[The data]
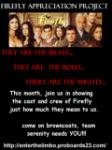 Firefly appreciation Project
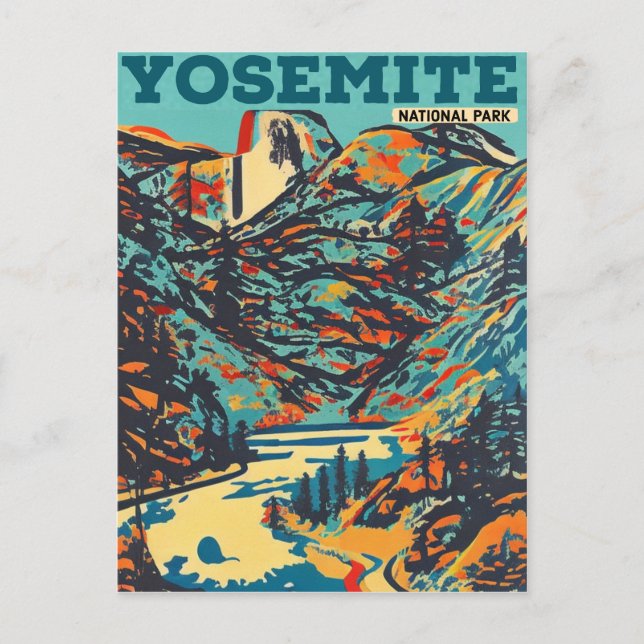 Carte Postale Parc national de Yosemite (Devant)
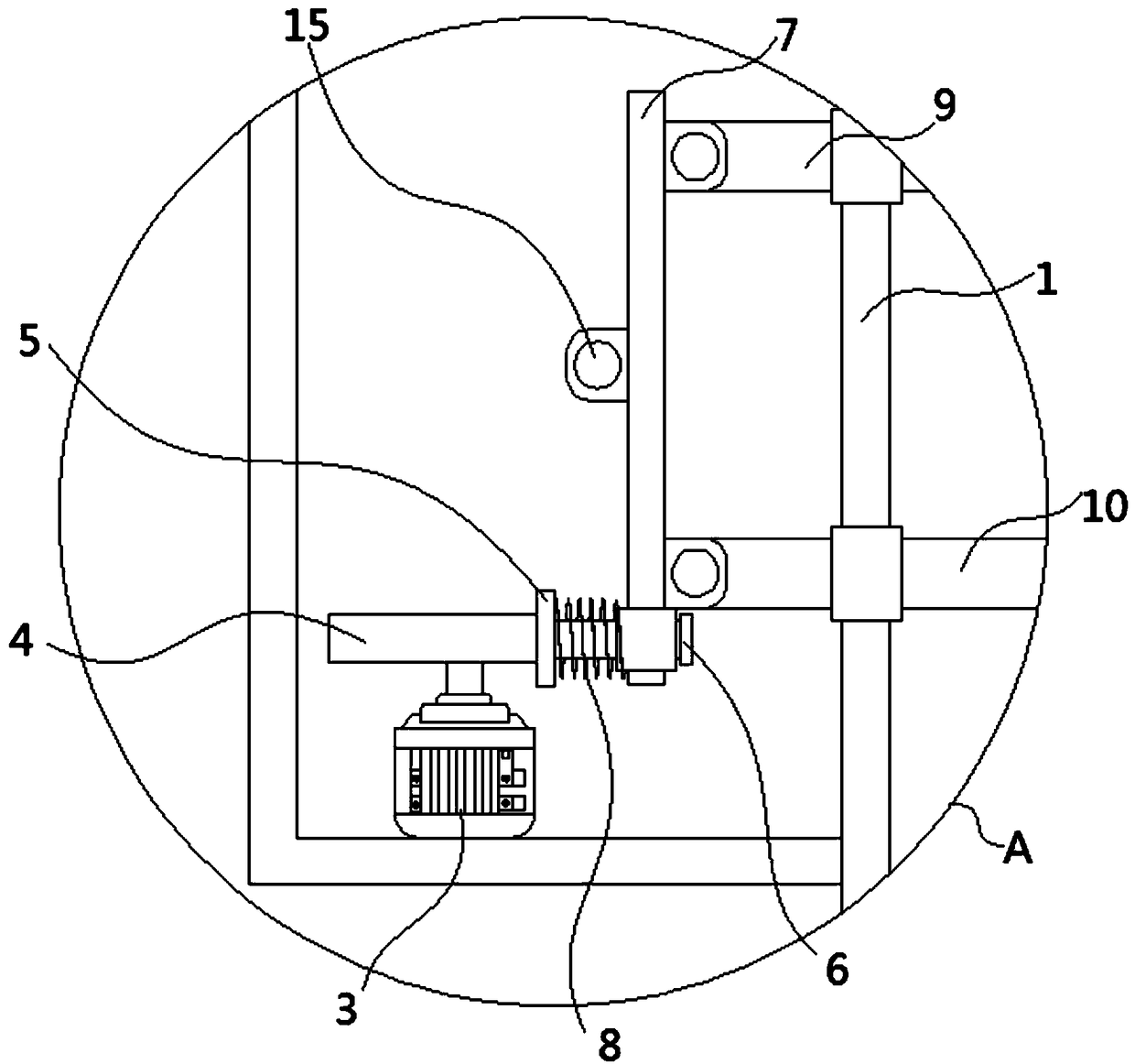 Feeding funnel with excellent screening effect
[/The data]
[Task details] An exact, picture-free copy of the listing above is the goal; write it out now.

[Response to this exercise]
 Firefly appreciation Project
 Carte Postale Parc national de Yosemite (Devant)
 Feeding funnel with excellent screening effect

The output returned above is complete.